=== PROBLEM STATEMENT ===
Include the line with "T5 2008, avril" and every line before it in the entries below, echoed exactly, but not the pictures.

--- DATA FOR THE TASK Enclosed Below ---

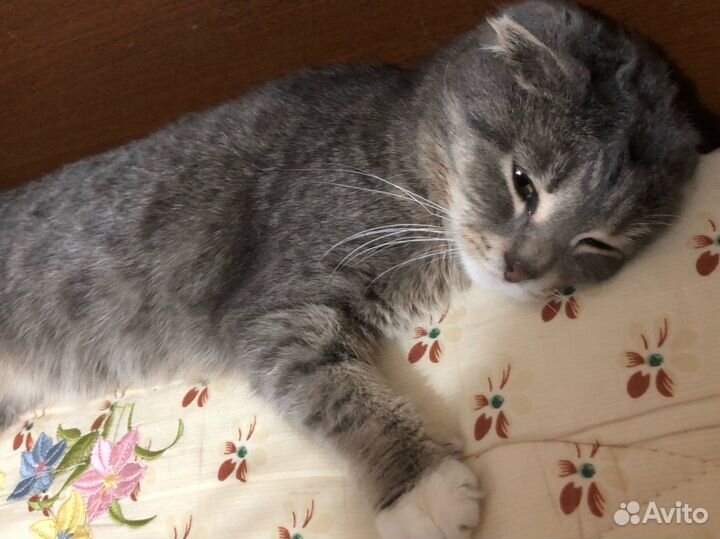 Потерялась моя кошка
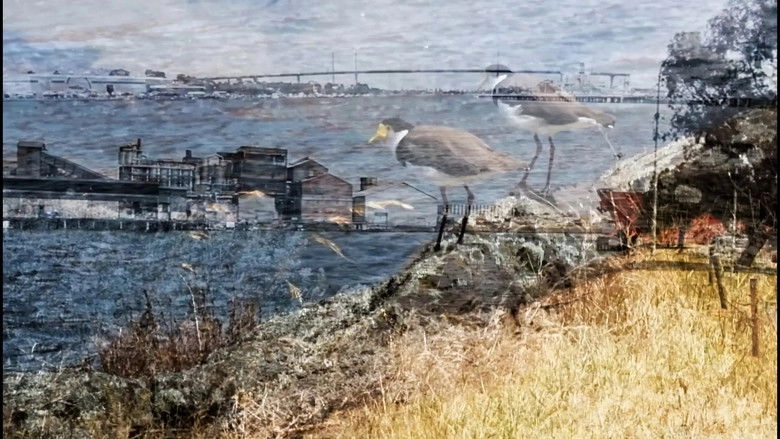 Occupation Studies: Ngayanhurra Bayarral Birrarung (2026)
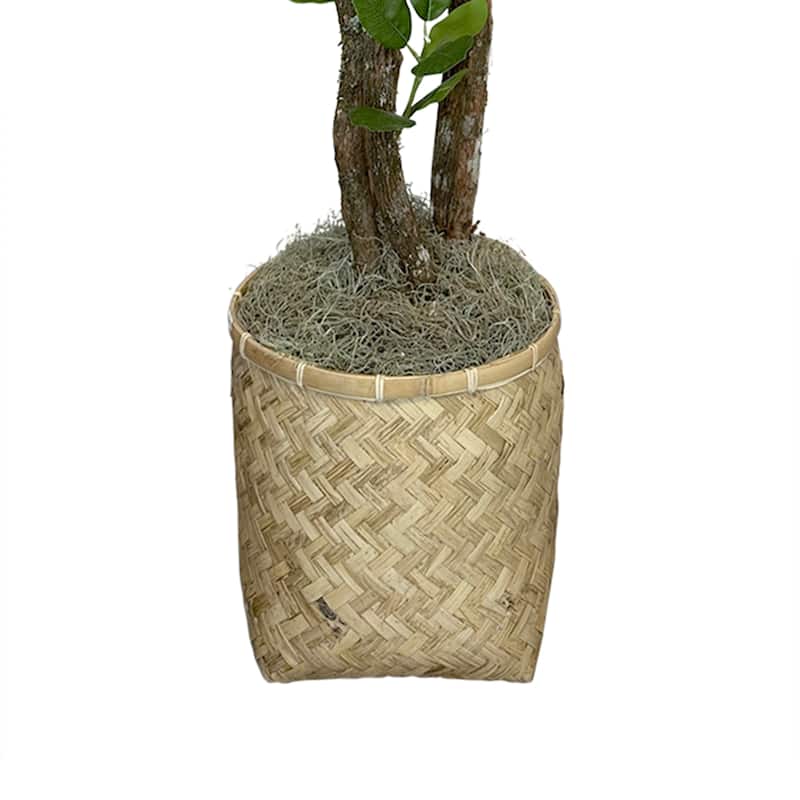 5 ft Oriental Ficus in a Bamboo Planter - Green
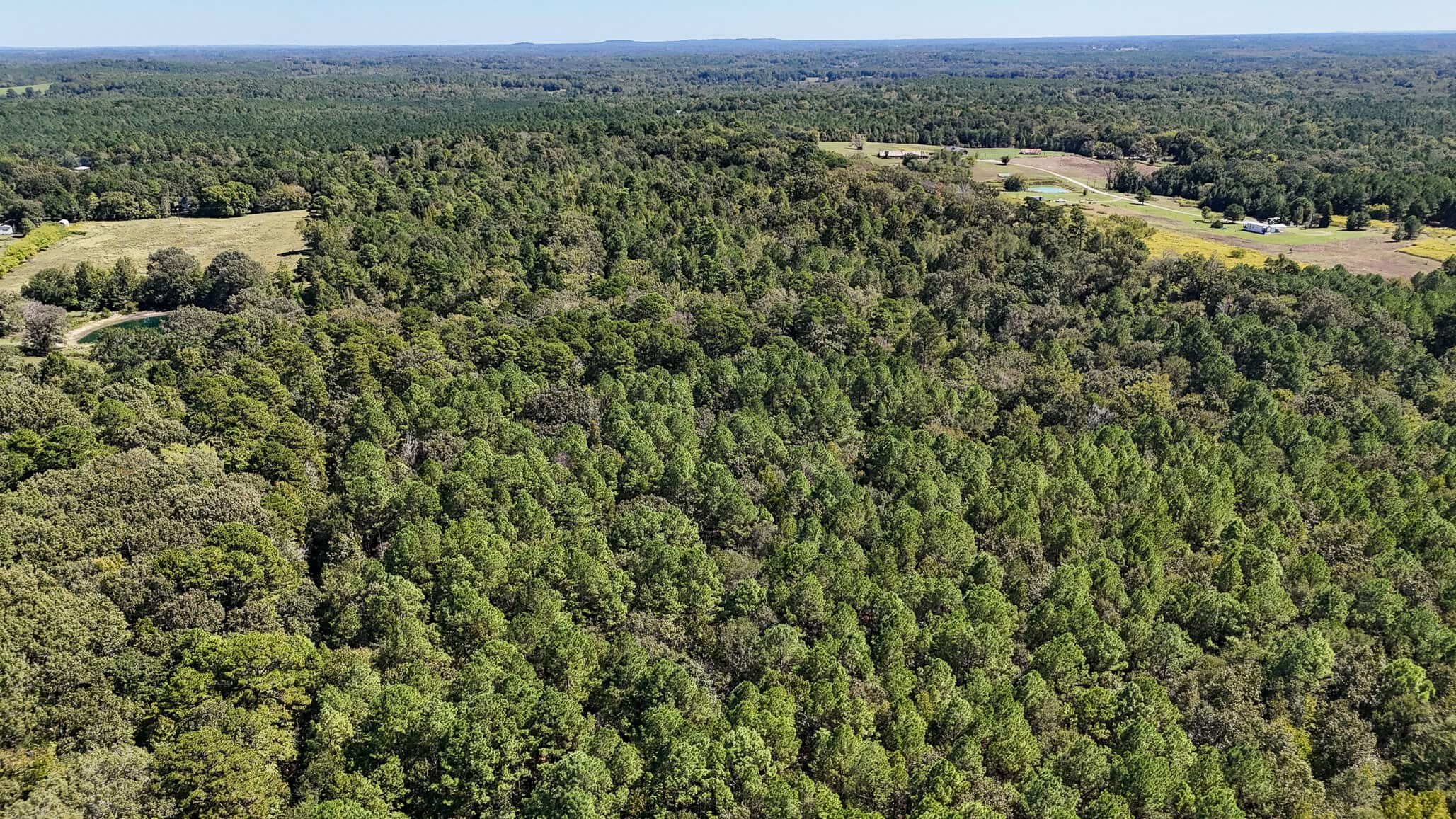East Texas Recreational Land for Sale Gilmer TX Upshur County | Hunt & Timber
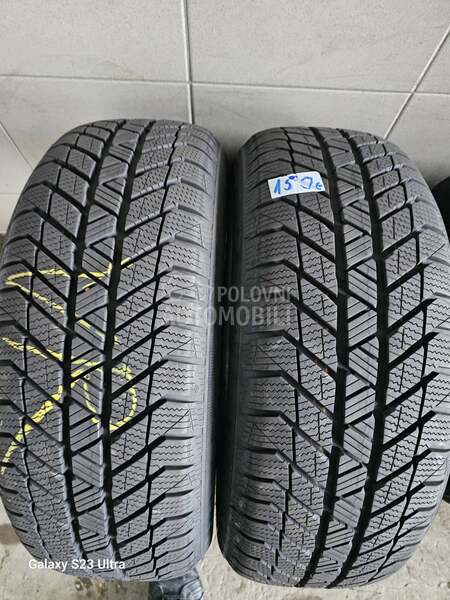 Platin Germany 215/55 R17 Zimska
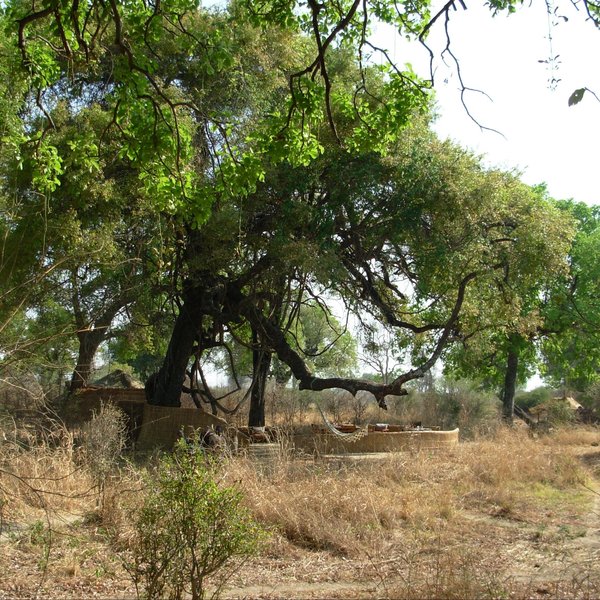 Mwamba Bushcamp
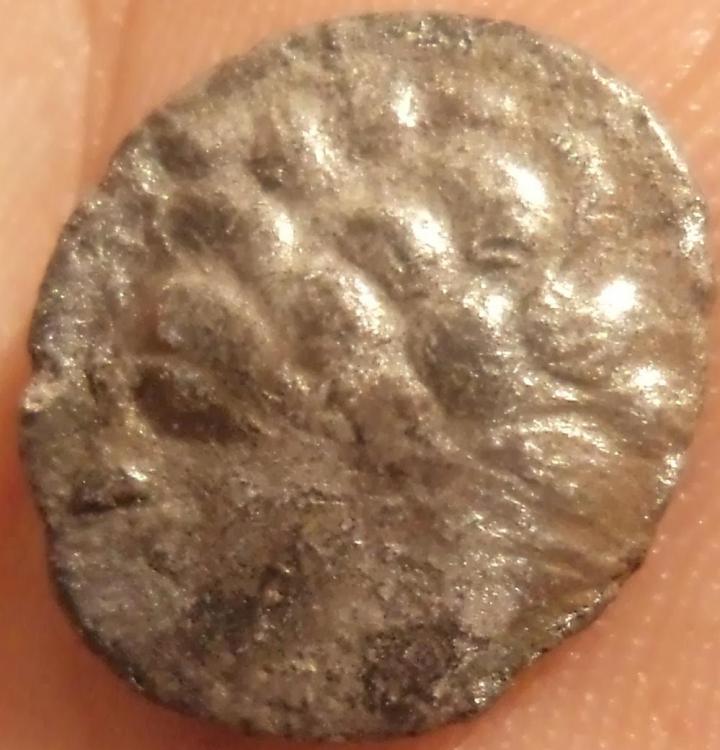 22352c.jpg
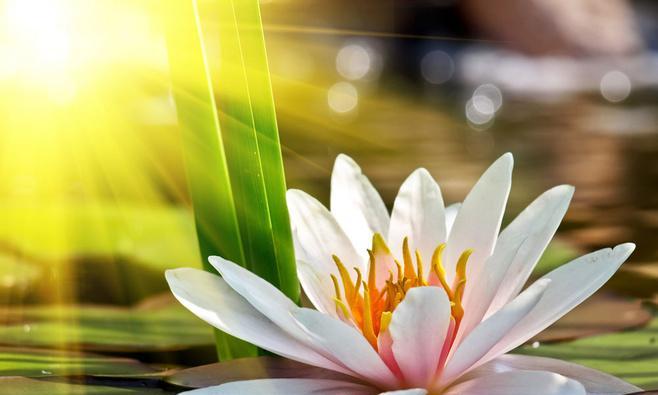 如意榕花语是什么？象征着爱情之神的花有哪些？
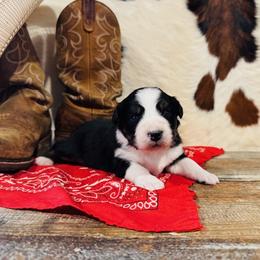 'Calliope' - Black tri-color female Australian Shepherd puppy in Durand, Wisconsin from Larson’s Legacy Aussome Aussie Kennels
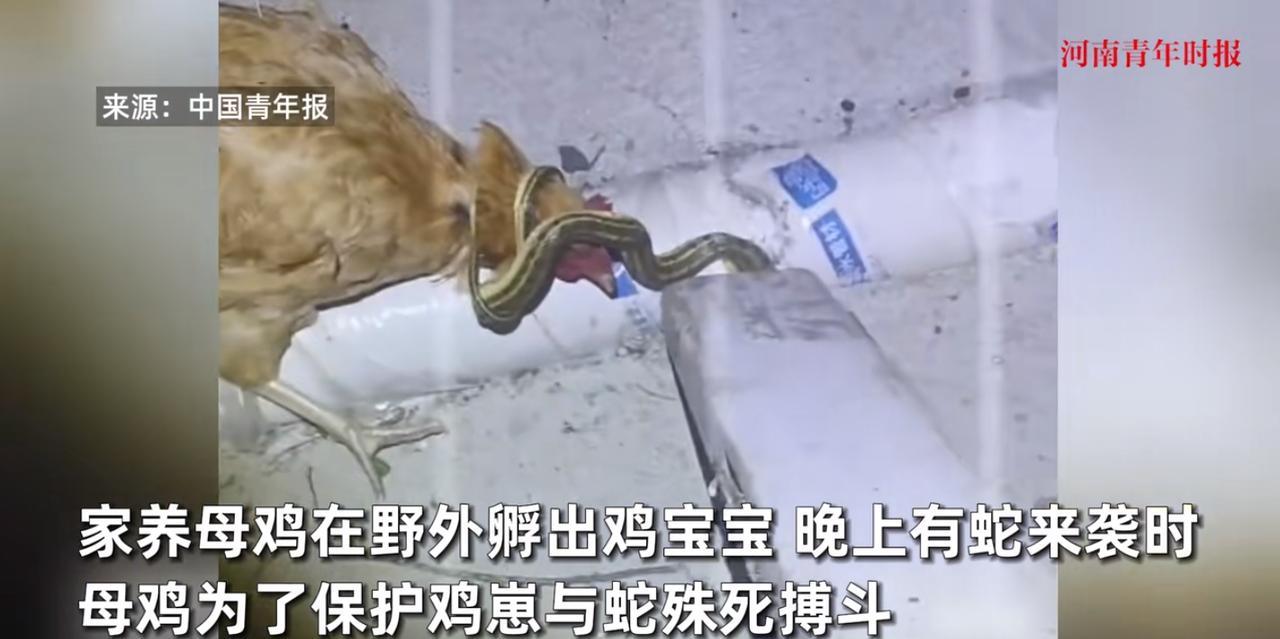 “万物皆有灵！”近日，山东济南，一只母鸡刚孵完几只小鸡后，却突然遭到了菜花蛇的袭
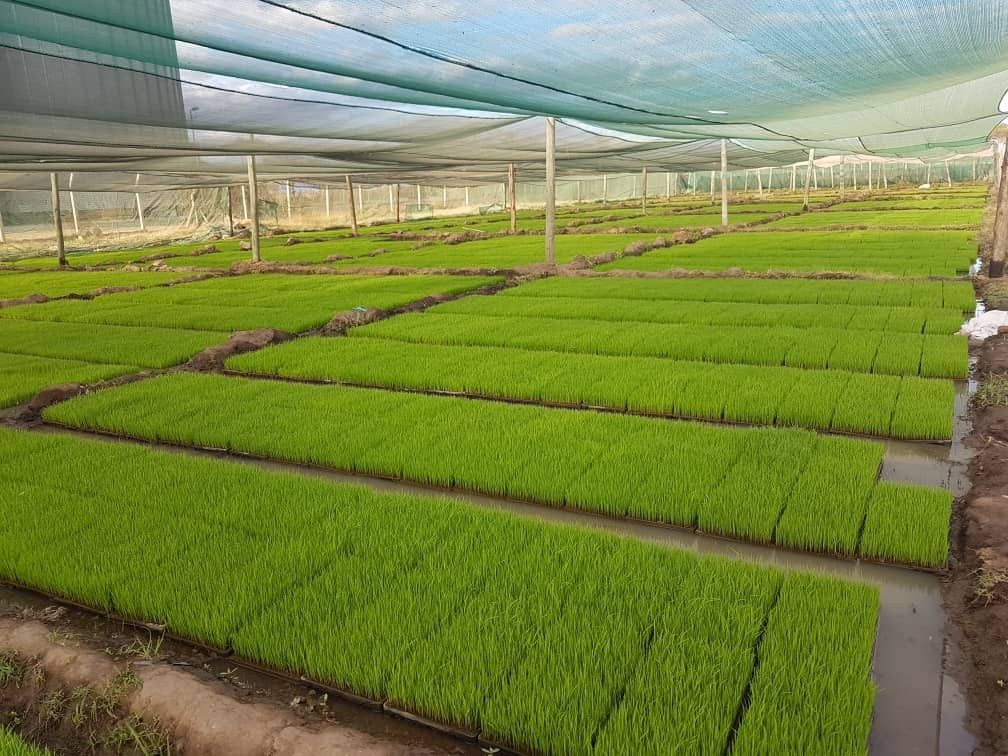 Rows of green rice seedlings growing in trays under shade netting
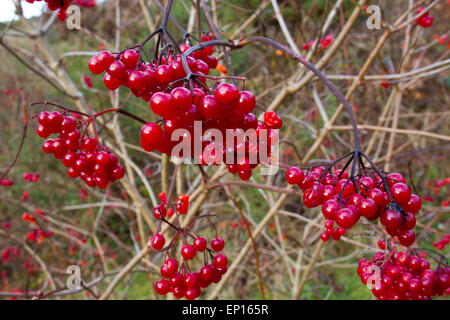 Guelder Rose (Viburnum opulus) ripe berries on a tree in Autumn. Powys, Wales. November. Stock Photo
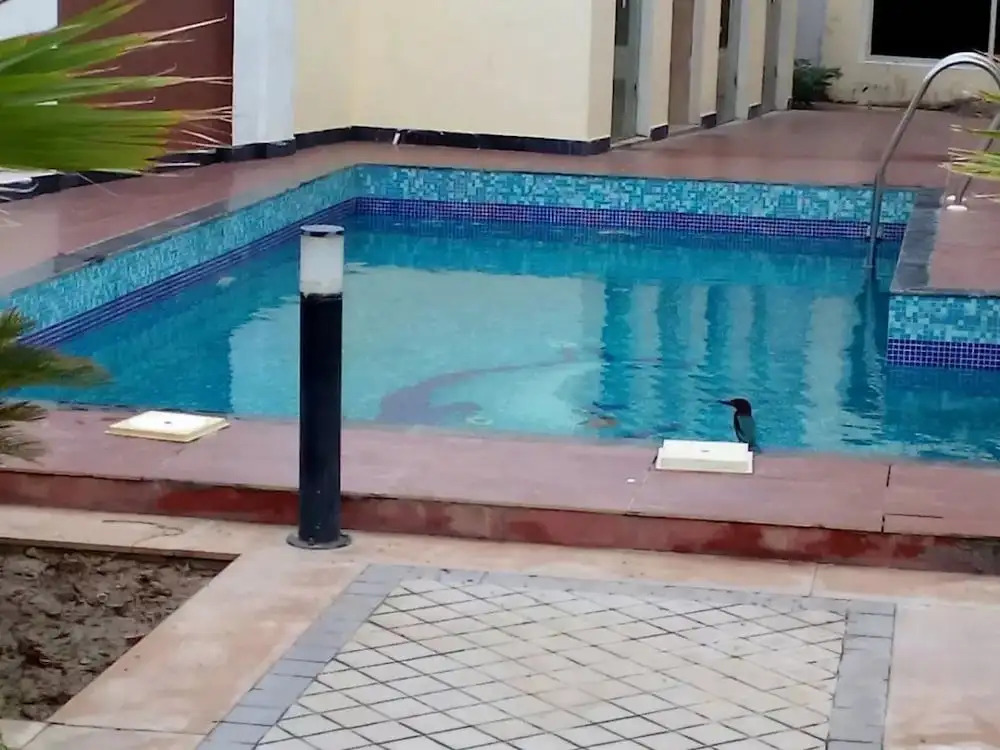 Bankey Bihari Holiday Homes By Naavagat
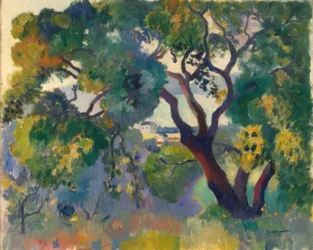Landscape Near St. Tropez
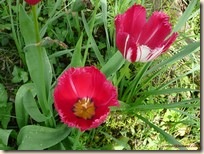 T5 2008, avril  tulipes (4)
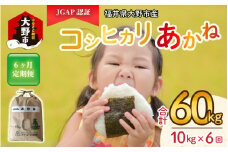 【令和5年産】【6ヶ月定期便】福井県大野市産 JGAP認証 コシヒカリ「あかね」10kg [F-007001]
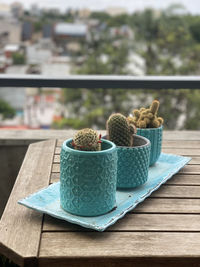 Close-up of succulent plant on table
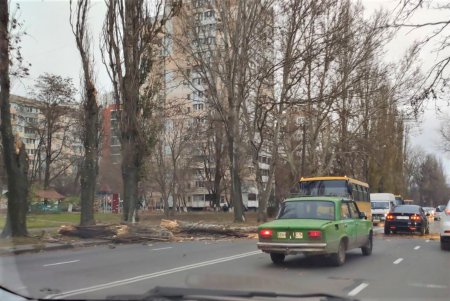 Шквалистый ветер повалил деревья и оборвал провода: коммунальщики уже устраняют последствия непогоды (фото)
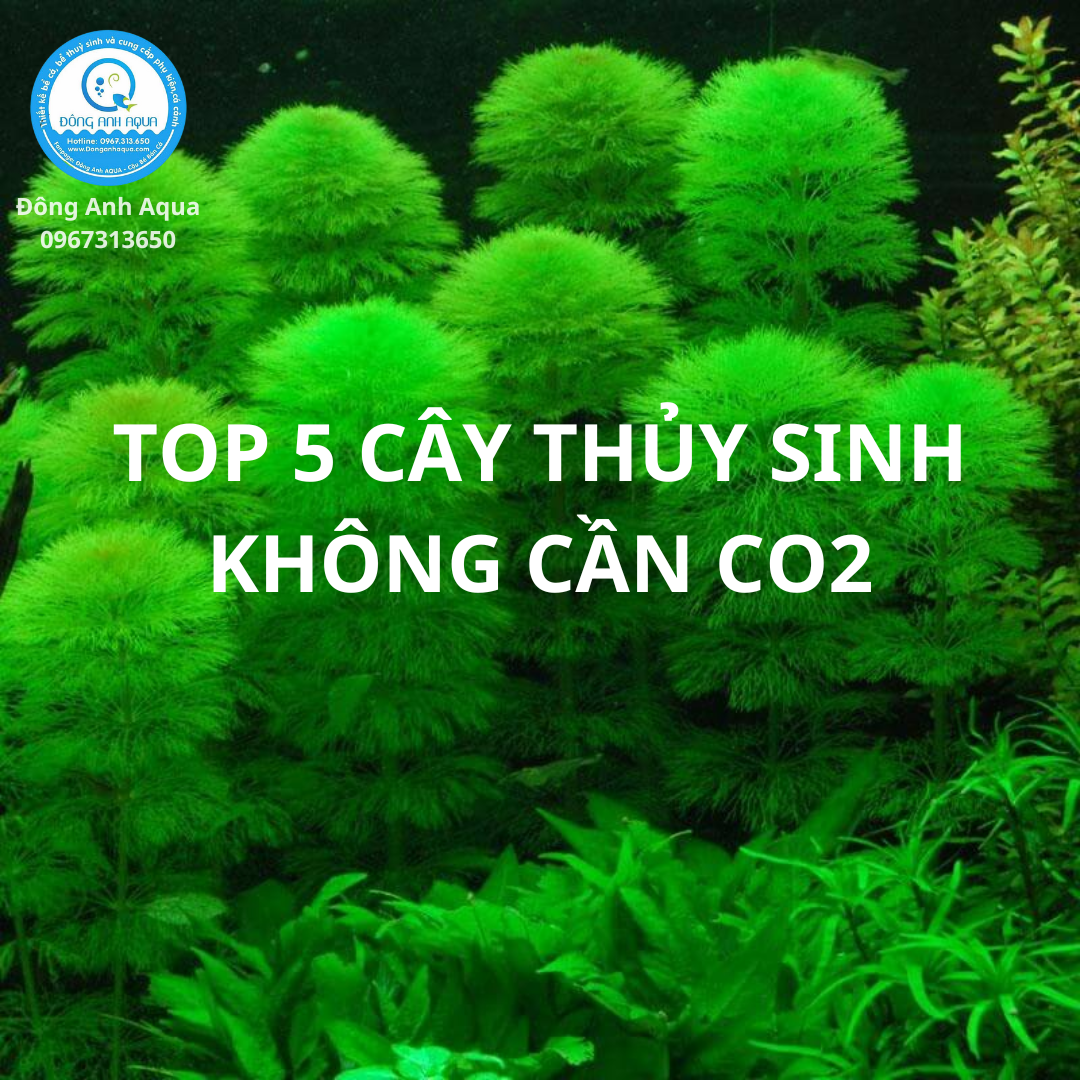top5-cay-thuy-sinh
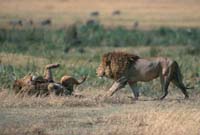 Lions playing
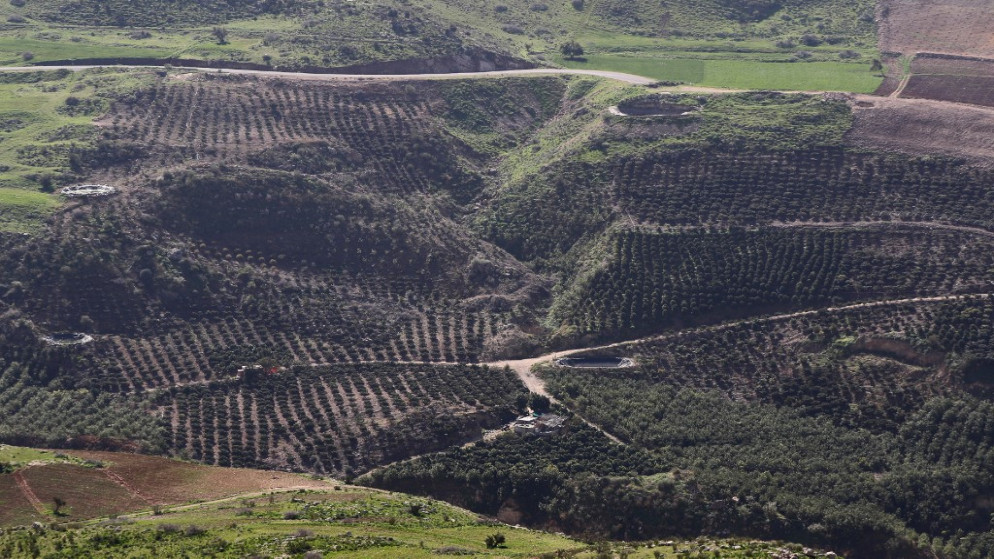 صورة تُظهر منظرًا لمنطقة أعاد المتطوعون الأردنيون زرعها بالشتلات بالقرب من غابة كفرنجة. 11 فبراير 2021.(أ ف ب)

--- End of Enclosed DATA FOR THE TASK ---

=== TASK ANSWER ===
 Потерялась моя кошка
 Occupation Studies: Ngayanhurra Bayarral Birrarung (2026)
 5 ft Oriental Ficus in a Bamboo Planter - Green
East Texas Recreational Land for Sale Gilmer TX Upshur County | Hunt & Timber
 Platin Germany 215/55 R17 Zimska
 Mwamba Bushcamp
 22352c.jpg
 如意榕花语是什么？象征着爱情之神的花有哪些？
 'Calliope' - Black tri-color female Australian Shepherd puppy in Durand, Wisconsin from Larson’s Legacy Aussome Aussie Kennels
 “万物皆有灵！”近日，山东济南，一只母鸡刚孵完几只小鸡后，却突然遭到了菜花蛇的袭
 Rows of green rice seedlings growing in trays under shade netting
 Guelder Rose (Viburnum opulus) ripe berries on a tree in Autumn. Powys, Wales. November. Stock Photo
 Bankey Bihari Holiday Homes By Naavagat
Landscape Near St. Tropez
 T5 2008, avril  tulipes (4)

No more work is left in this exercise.